* _What you will do_
Copy the lines below exactly. No picture goes into the copy.

* _Dataset section_
○ ○ ○ ○ ○ ○ ○

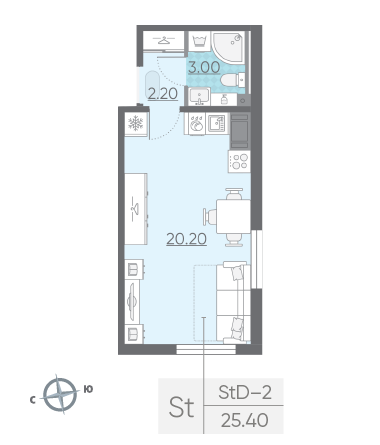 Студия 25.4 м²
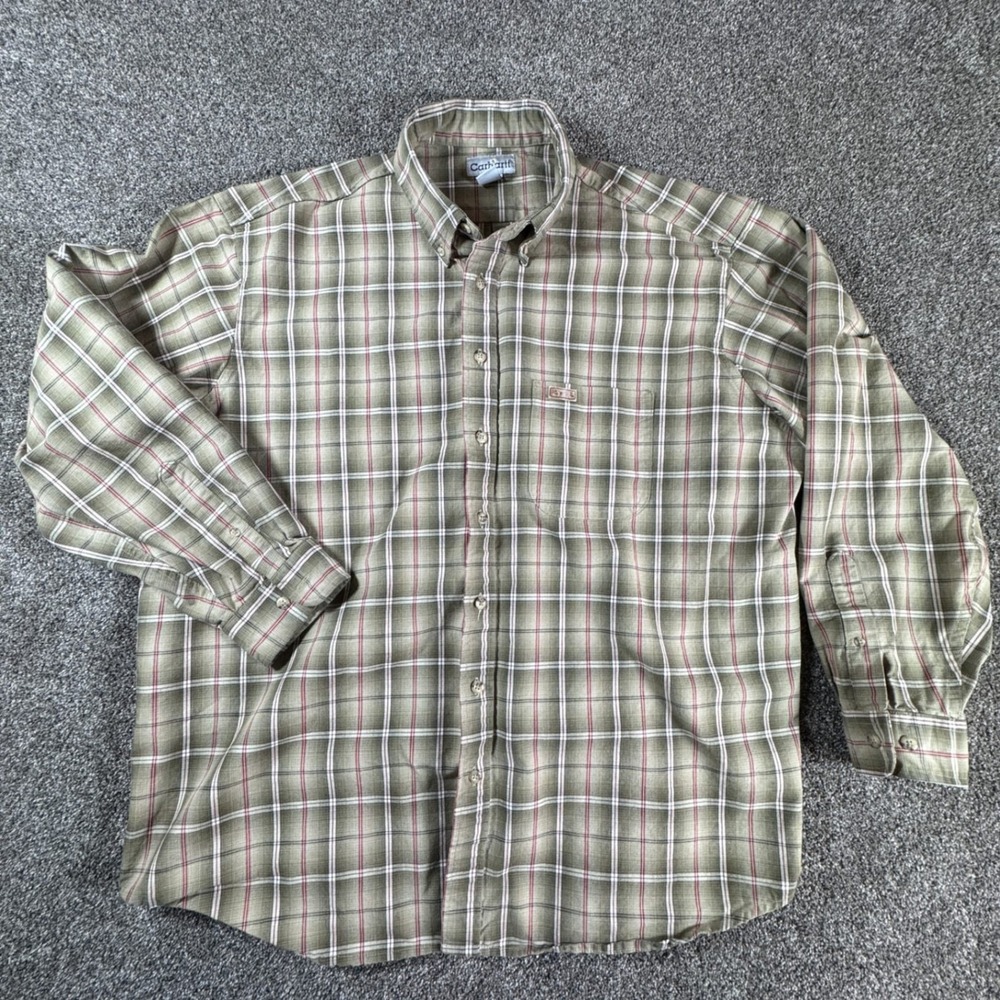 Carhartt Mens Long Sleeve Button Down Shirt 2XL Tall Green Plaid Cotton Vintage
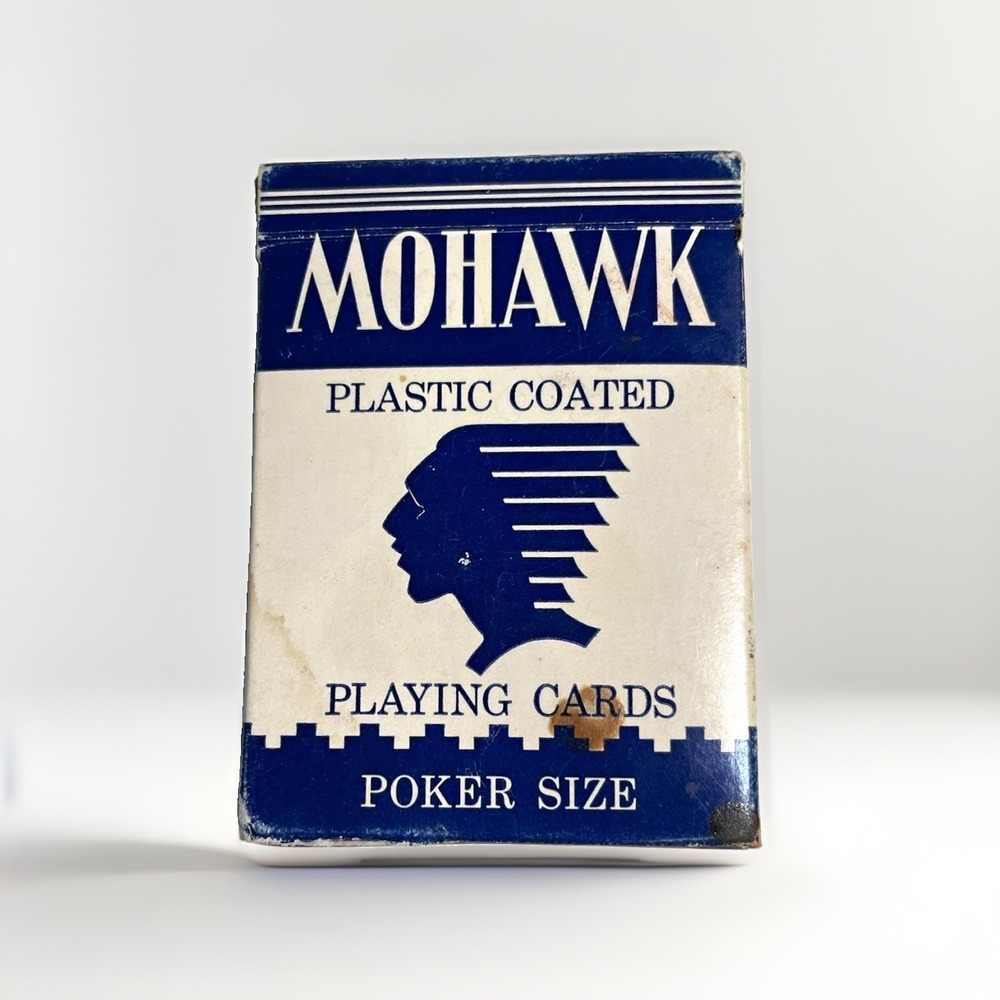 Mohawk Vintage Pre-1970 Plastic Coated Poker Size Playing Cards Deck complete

○ ○ ○ ○ ○ ○ ○

* _Response area_
 Студия 25.4 м²
 Carhartt Mens Long Sleeve Button Down Shirt 2XL Tall Green Plaid Cotton Vintage
 Mohawk Vintage Pre-1970 Plastic Coated Poker Size Playing Cards Deck complete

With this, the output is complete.